## To do:
Omit all pictures, then print the entries exactly.

Stored dataset items
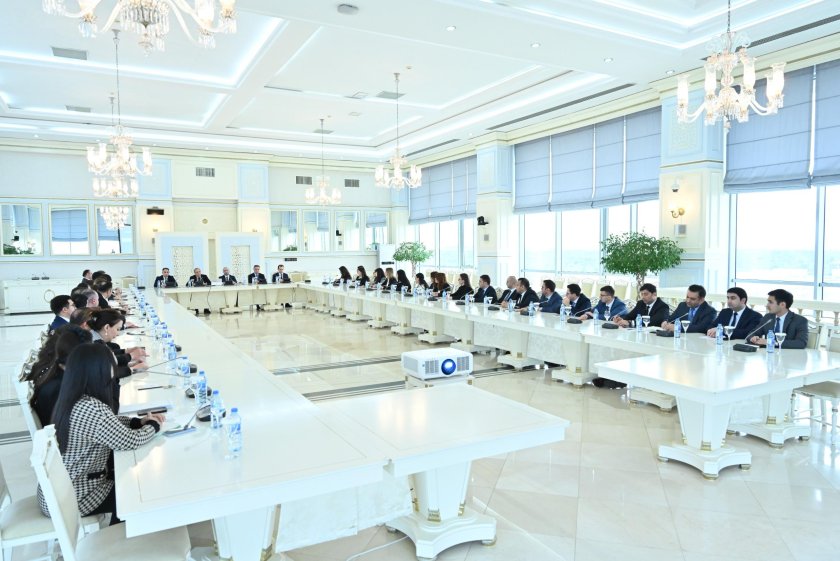 Parlamentdə vəzifəyə yeni təyin olunmuş hakimlərlə görüş keçirilib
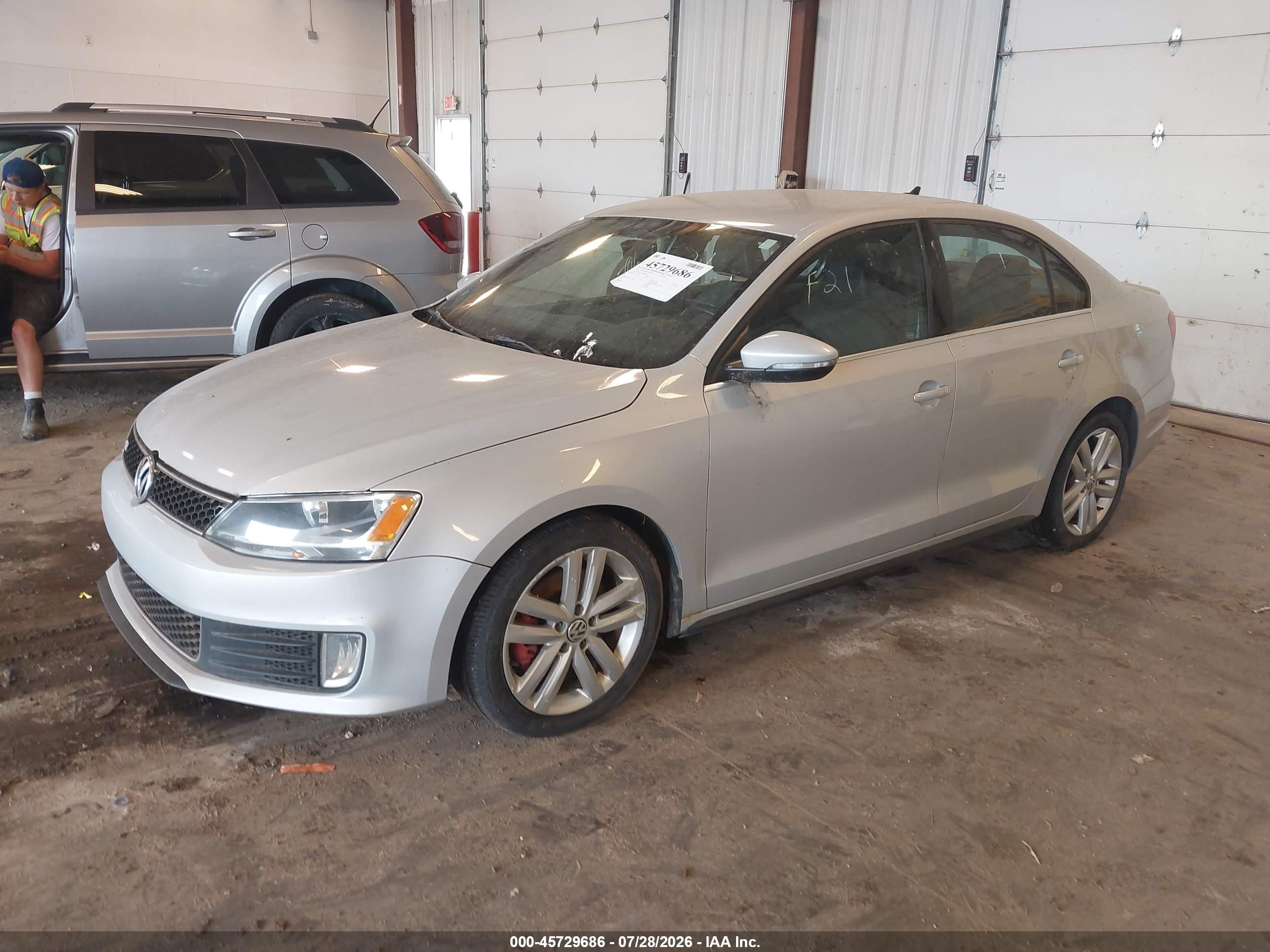 2013 Volkswagen Jetta Gli Silver vin: 3VW4S7AJ4DM285314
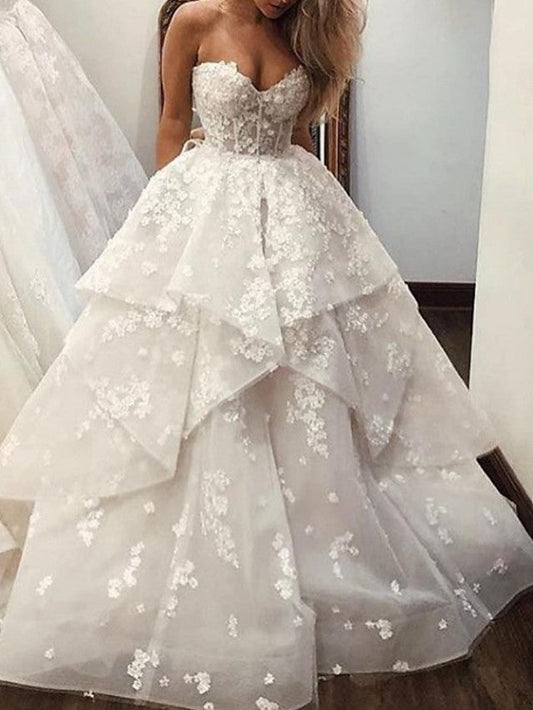 Langes A-Linien-Brautkleid mit trägerlosem Bodenlangen und Pinselschleppe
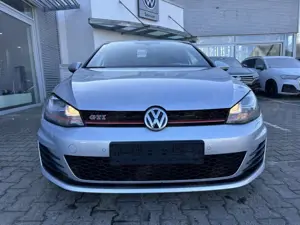 Volkswagen Golf GTI DSG PERFORMANCE*XENON*NAVI*PDC Bild 3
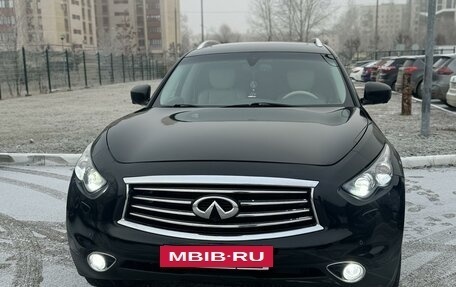 Infiniti FX II, 2011 год, 2 120 000 рублей, 6 фотография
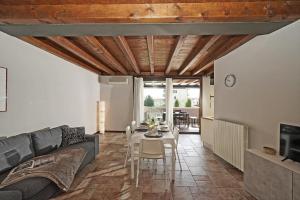 uma sala de estar com um sofá e uma mesa em Garofano P1-9 by Wonderful Italy em Desenzano del Garda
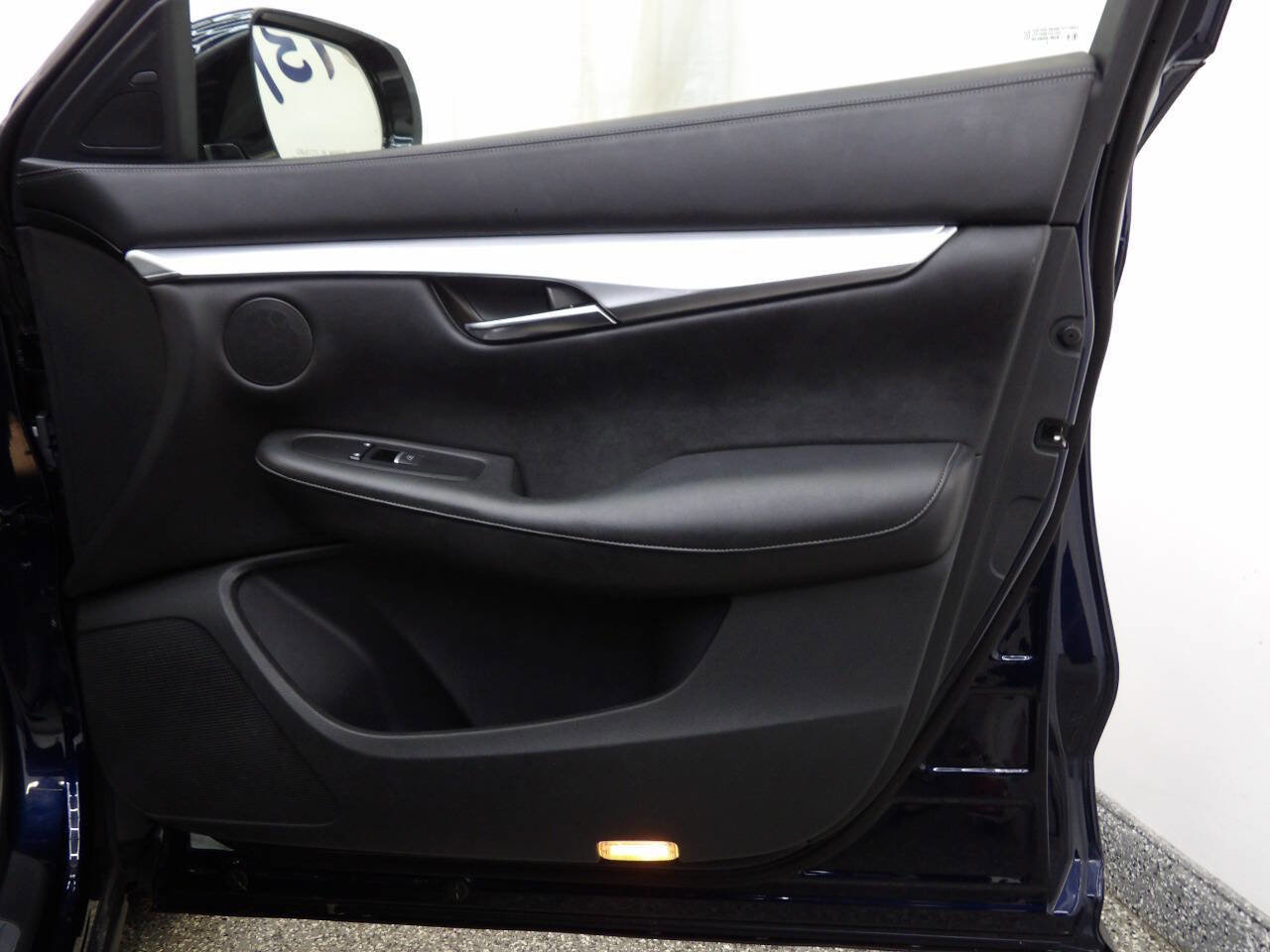 Used 2019 INFINITI QX50 Essential w/ Premium Heat Package image 18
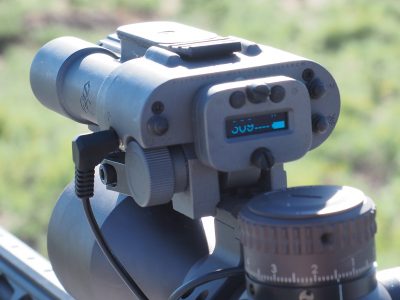 The remote pressure switch plugs into the side of the Radius.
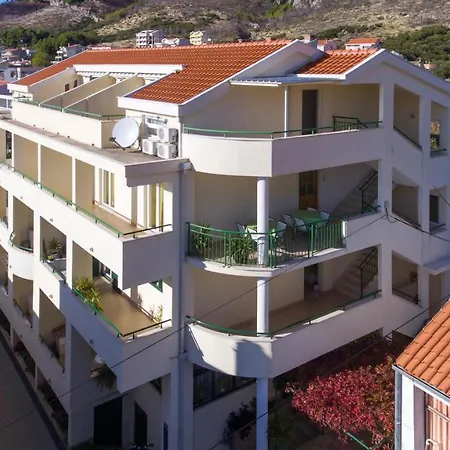 Appartamento With A Parking Space Tucepi, Makarska - 6657 Tučepi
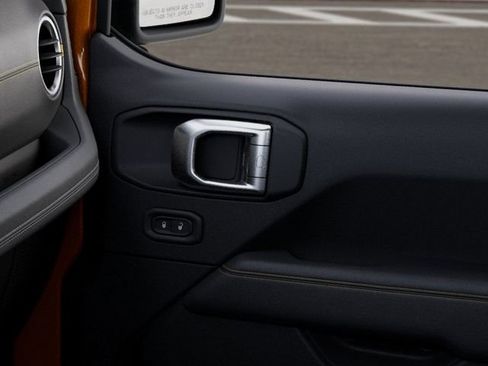 New 2026 Jeep Wrangler Unlimited Sahara AWD/4WD image 25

## Solution to this task:
 Parlamentdə vəzifəyə yeni təyin olunmuş hakimlərlə görüş keçirilib
 2013 Volkswagen Jetta Gli Silver vin: 3VW4S7AJ4DM285314
 Langes A-Linien-Brautkleid mit trägerlosem Bodenlangen und Pinselschleppe
 Volkswagen Golf GTI DSG PERFORMANCE*XENON*NAVI*PDC Bild 3
 Infiniti FX II, 2011 год, 2 120 000 рублей, 6 фотография
 uma sala de estar com um sofá e uma mesa em Garofano P1-9 by Wonderful Italy em Desenzano del Garda
 Used 2019 INFINITI QX50 Essential w/ Premium Heat Package image 18
 The remote pressure switch plugs into the side of the Radius.
 Appartamento With A Parking Space Tucepi, Makarska - 6657 Tučepi
 New 2026 Jeep Wrangler Unlimited Sahara AWD/4WD image 25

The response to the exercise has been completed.